On the Sample Complexity of Decentralized Linear Quadratic Regulator with Partially Nested Information Structure

TL;DR

This paper presents a sample-efficient, model-based learning approach for decentralized linear quadratic control with partially nested information, providing theoretical guarantees on suboptimality and sample complexity.

Contribution

It introduces a method to estimate system models from limited data and designs decentralized controllers with provable performance bounds, addressing unknown system models.

Findings

Suboptimality gap scales linearly with model estimation error.

Provides an end-to-end sample complexity bound for decentralized control.

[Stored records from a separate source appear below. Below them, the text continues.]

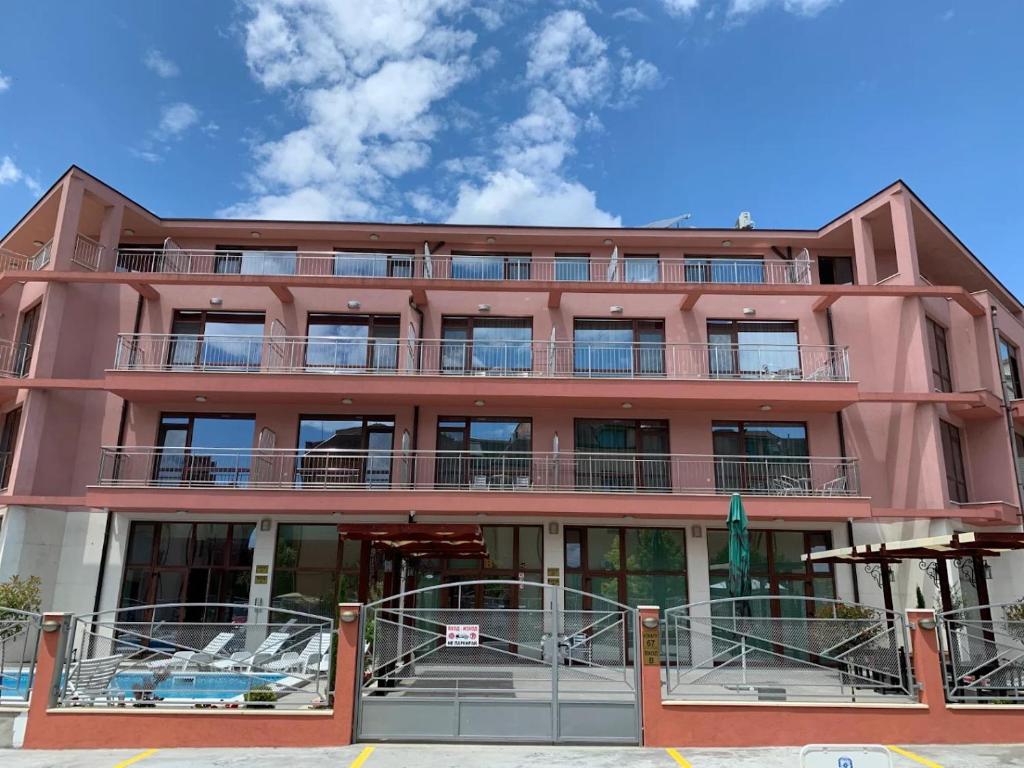 a red building with balconies on the side of it at Cattleya in Nesebar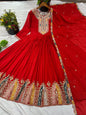 Red embroidered traditional outfit on a white background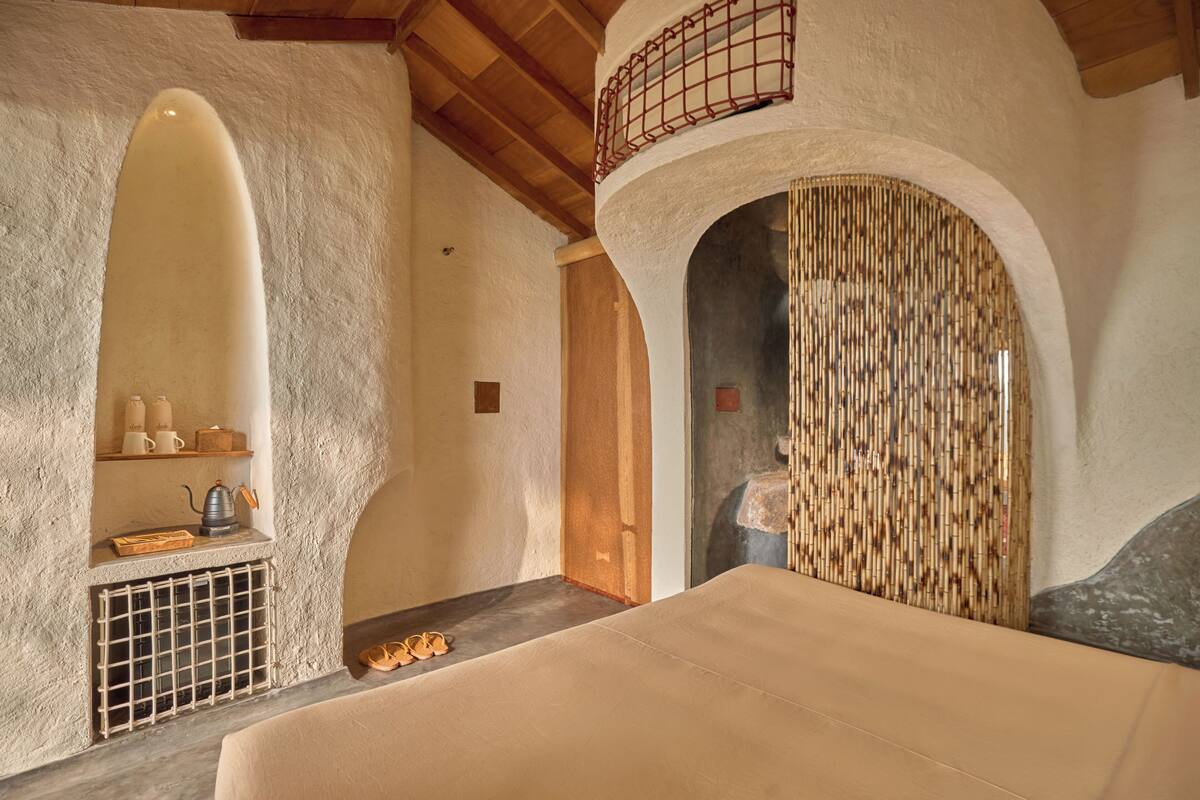 A room with a bed, a shelf with cups and a kettle, and a door leading to another room.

Demonstrates effectiveness of the approach in partially nested information structures.

Abstract

We study the problem of control policy design for decentralized state-feedback linear quadratic control with a partially nested information structure, when the system model is unknown. We propose a model-based learning solution, which consists of two steps. First, we estimate the unknown system model from a single system trajectory of finite length, using least squares estimation. Next, based on the estimated system model, we design a control policy that satisfies the desired information structure. We show that the suboptimality gap between our control policy and the optimal decentralized control policy (designed using accurate knowledge of the system model) scales linearly with the estimation error of the system model. Using this result, we provide an end-to-end sample complexity result for learning decentralized controllers for a linear quadratic control problem with a partially nested information structure.